Part of the problem with “Mouthing Off” was that many of the thoughts expressed were pretty generic. Did you know that people in the northern Midwest often speak with elongated O’s? Or that Long Islanders have an accent that’s often ridiculed? Or that Californians say “dude” a lot? Of course you knew all of this. You were probably also familiar with the fact that some people say “pop” and some people say “soda” (though I’ll admit I enjoyed seeing the few counties in the U.S. where people still say “tonic”), and you’ve probably seen the map the show presented of the county-by-county breakdown of this information. Not every piece of information needs to be new on a show like this. Remember: What the series is going for is speed primarily, followed by amount of new information conveyed. But when roughly two-thirds of your running time is taken up by stuff most people know already, there’s not really a good reason to be doing the blitz.

Another problem stemmed from the fact that what makes the show fascinating is that it digs into that central question of our nation’s history. It’s easy enough to say, “Well, this state has this border because of that river,” but Unger would often take you into fascinating detours about the history of the river or the people who lived near it or the way the river forced explorers or soldiers to find new ways to get through the wilderness. Yeah, just about everybody’s heard of the Hatfields and McCoys, but How The States Got Their Shapes showed just how that feud stretched out to a geographical level, forming various borders that are still marked today. The ways that small things, up to and including individuals, can radically change what our maps look like are the bread and butter of this show, and in its best episodes, these stories were made thrillingly real by the production team.

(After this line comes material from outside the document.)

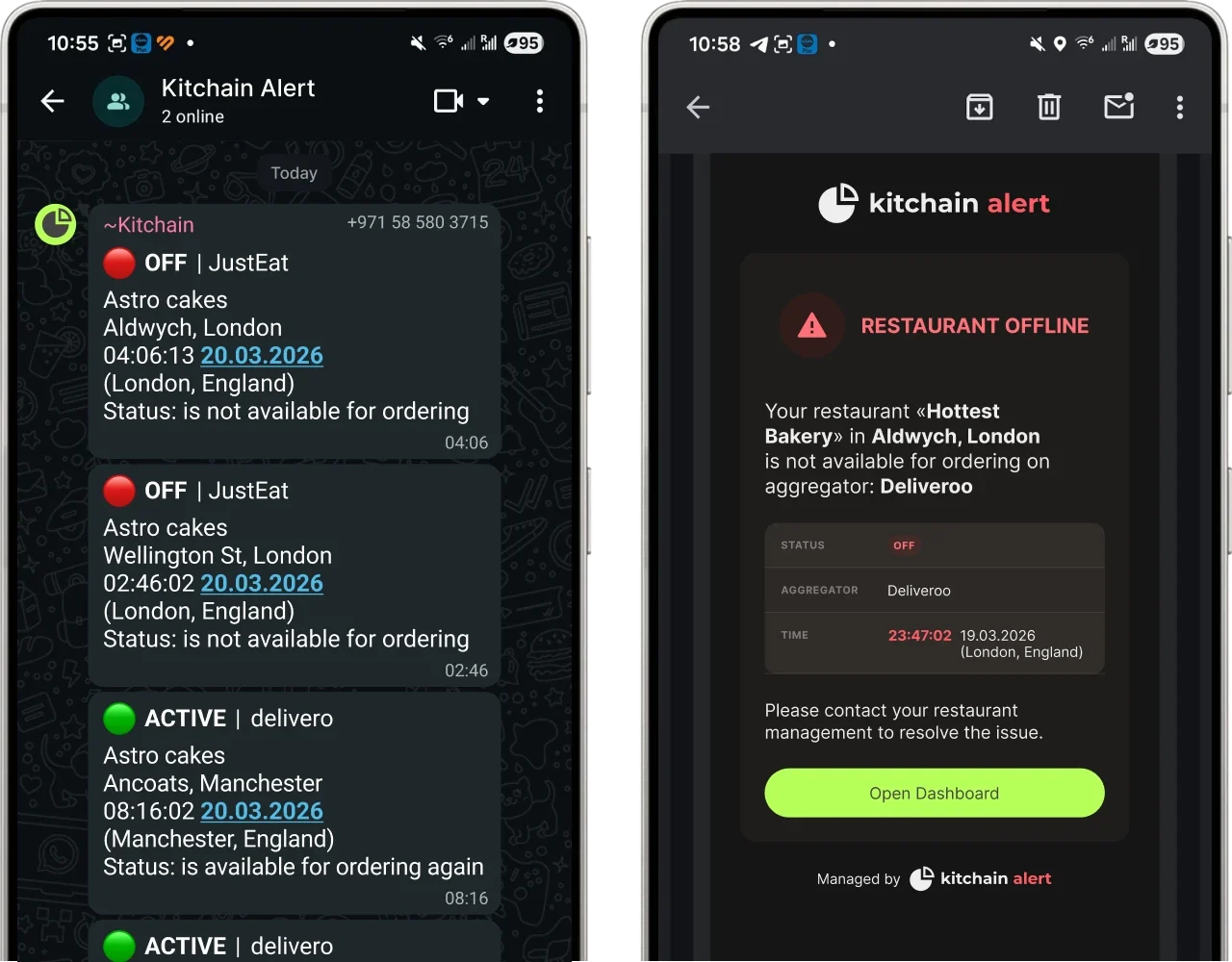 Kitchain UK rating dashboard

“Mouthing Off,” however, tries to take as its thesis that the states—or, rather, where we live—also shape us, primarily through how we speak. But this isn’t a terribly controversial notion. Outside of obscure regional dialects like Gullah, there’s no real surprise to finding out that Southerners say y’all, while people in the Pittsburgh area might say y’uns. The man on the street interviews even feel more phoned in than usual, with Unger pretty much just asking people to say things the audience at home might think sound funny—unless the particular accent on display is the accent of that particular audience member.

But I’d still recommend How The States Got Their Shapes overall, particularly if it comes out on DVD. (Actually, I think most of the run is available on Hulu at present.) Unger proves to be a fun host, keeping the whole thing moving as quickly as possible without sacrificing understanding, while the history portion of the show is surprisingly solid, illuminating long forgotten corners of American history or zeroing in on the tiny things you might not know about the pieces of history you’re already aware of. (For example: Did you know that Morse code was recently updated to include a string for @? You would if you watched the finale.) The history of the U.S. is wilder and woollier than these sorts of shows often let on, and How The States Got Their Shapes is always happy to wander off the beaten path and find itself headed down long forgotten byways.

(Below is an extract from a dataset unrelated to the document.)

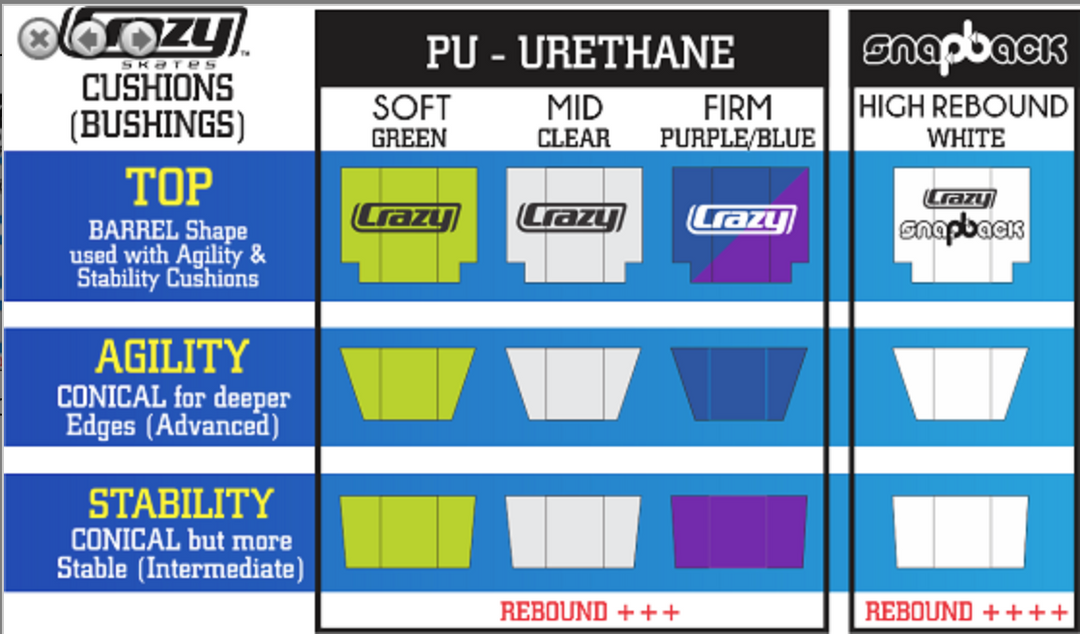 Crazy Urethane Cushions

So while How The States Got Their Shapes seems to have run out of steam at the end of its first season, it’s still a pretty great example of how to do a show like this right, and it’s a good example of how television can take a subject that wouldn’t seem to be terribly compelling—the formation of state borders—and make it so. I don’t know where How The States Got Their Shapes goes from here. (Perhaps it makes a dip into international waters with How The Nations Got Their Borders or something.) But for the past 10 weeks, it’s been a reliably entertaining source of solidly educational enjoyment. And there aren’t a lot of shows you can say that about.